The Slow, Grueling Northeastward Trek Floods Entire Cities

But even as the Gulf Coast began picking up the pieces and turning thoughts to survival and rebuilding, the storm wasn’t done with the United States yet. Due to an abundant supply of warm groundwater, Ida didn’t hit land and immediately weaken as most storms do. Instead, it pulled water from the marshy areas in southern Louisana and remained strong even as it churned slowly North, at one point almost stationary near New Orleans. By the time it moved out of Louisiana, it was diminished, but not enough to spare the people in its path. 

As Ida moved north and east, it brought devastating flooding to places like Tennessee, already nearly underwater from two weeks of historic rainfall. The storm expended its fury in the form of tornados, flash floods, and gusty winds that hit areas quite unused to such strong tropical weather. In Tennessee, the Bonnaroo Music Festival canceled for the second year in a row, but this time because the farm where they planned to hold it was either flooded or a dangerous mud bog. 

US Open Forced to Delay

Hurricane Ida

And still the storm churned. In New York, another seemingly normal event was hit by the effects of the storm. The US Open, taking place at Flushing Meadows in Louis Armstrong Stadium, and Arthur Ashe Stadium in NYC, was hit by several rain delays as spectators were drenched by rain coming through the roof. At one point, spectators in Louis Armstrong Stadium were just sitting in the stadium waiting as it was too flooded to leave. Tournaments resumed around 1 A.M. in Arthur Ashe Stadium. 

Diego Schwartzman won that game against Kevin Anderson in the wee hours of the morning. A ray of hope of normalcy even as everything else seemed to be falling apart. Per CNN via MSN, “‘Thank you everyone for staying tonight,’ Schwartzman said in his on-court interview.

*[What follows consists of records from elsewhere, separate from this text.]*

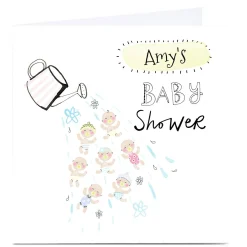 Online Personalised Baby Shower Invitation - Watering Can Premium Square|New Baby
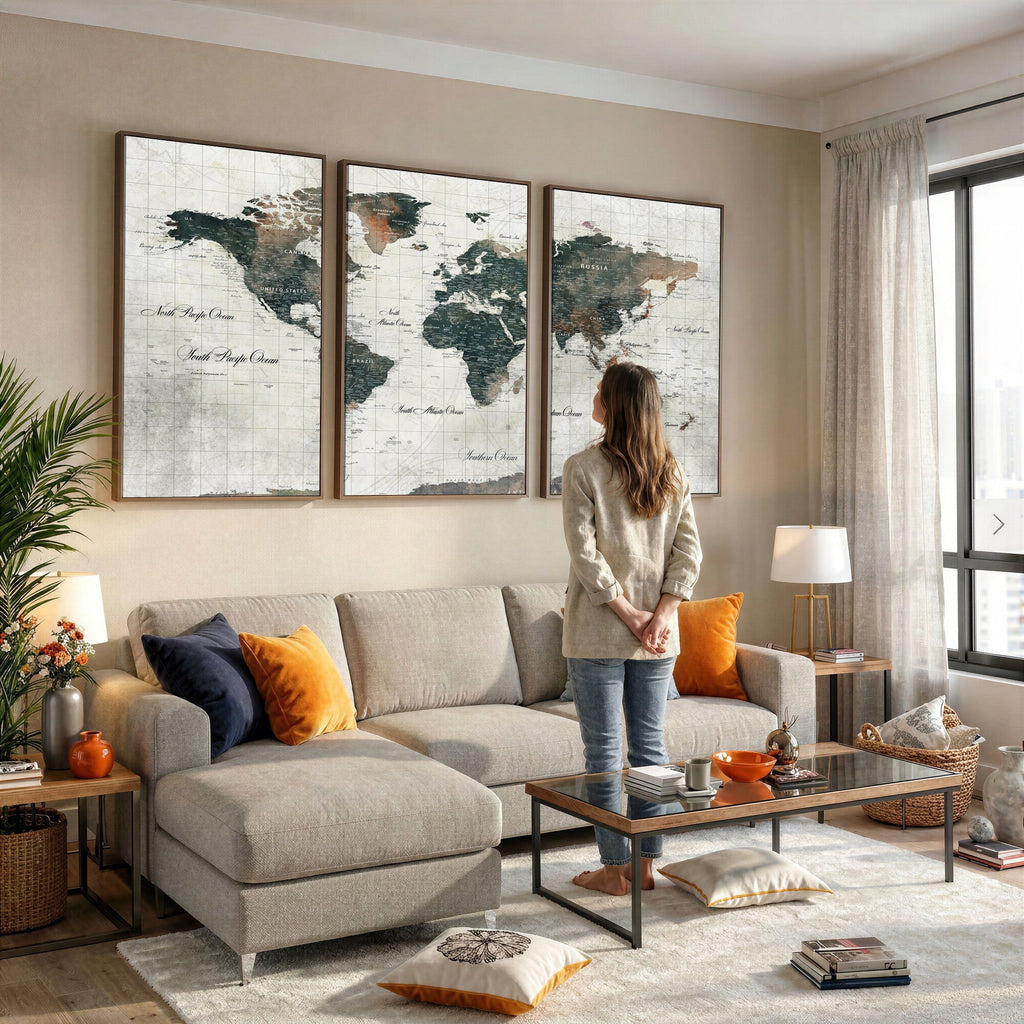 World Map Canvas Print | Framed Travel Map Wall Art for Couples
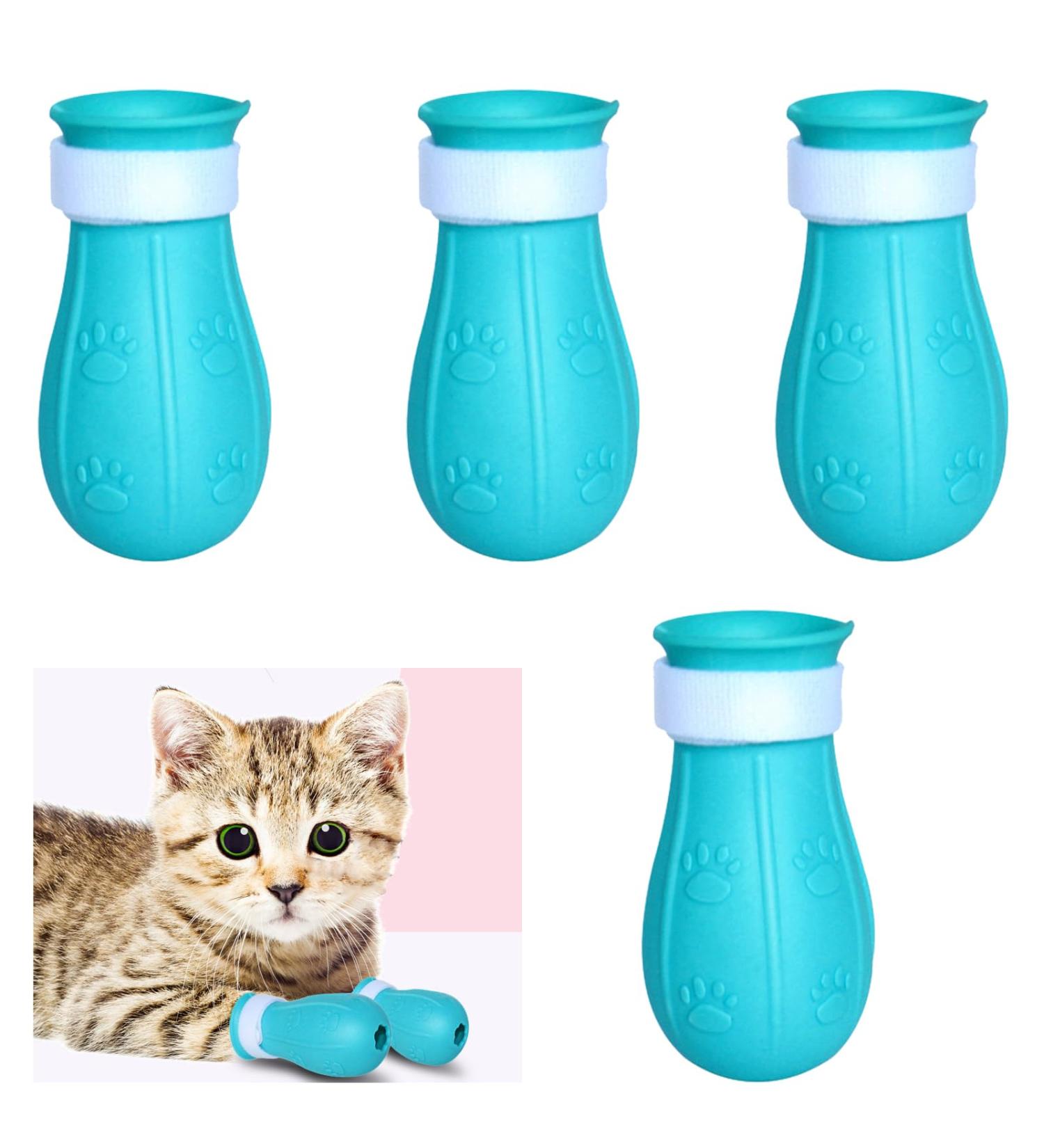WOAILIANGEJINJIN 4 Pcs Cat Anti-Scratch Boots Adjustable Cat Paw Protector Foot Covers Cat Claw Protection Shoes for Home Bathing Shaving Cat Paw Protector - Buy Online on GoSupps.com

‘Crazy weather. (It) was very difficult before the match. We were talking not just because we want to play, (but) also because the security and the government, police, everyone (that) was involved in the decision to come to this court.’”

But those at the US Open were lucky. Because in NYC, flood waters were rising. For the first time ever, NYC was issued a flood emergency warning, telling people to immediately get to higher ground or stay put if they were in a safe location. The Big Apple, home to nearly 9 million people, came to a total standstill as waters rose. So far, the death toll in NYC is 8, including a toddler who succumbed to the unprecedented flooding. It’s an unimaginable horror for a city at sea level unused to these storms. Residents received tornado warnings yesterday, another awful first in nearly 24 hours of horror that the city has endured. New York City recorded its highest rainfall ever in history. 

New Jersey and Maryland See Unprecedented Tornadic Activity 

Torando Maryland

Unfortunately, elsewhere in the Northeast, the death toll was even higher. Across New Jersey and Maryland, tornadoes took their toll. 14 people so far have died in the storms in New Jersey, bringing the deaths in the Northeast to 22 in the wake of Ida. 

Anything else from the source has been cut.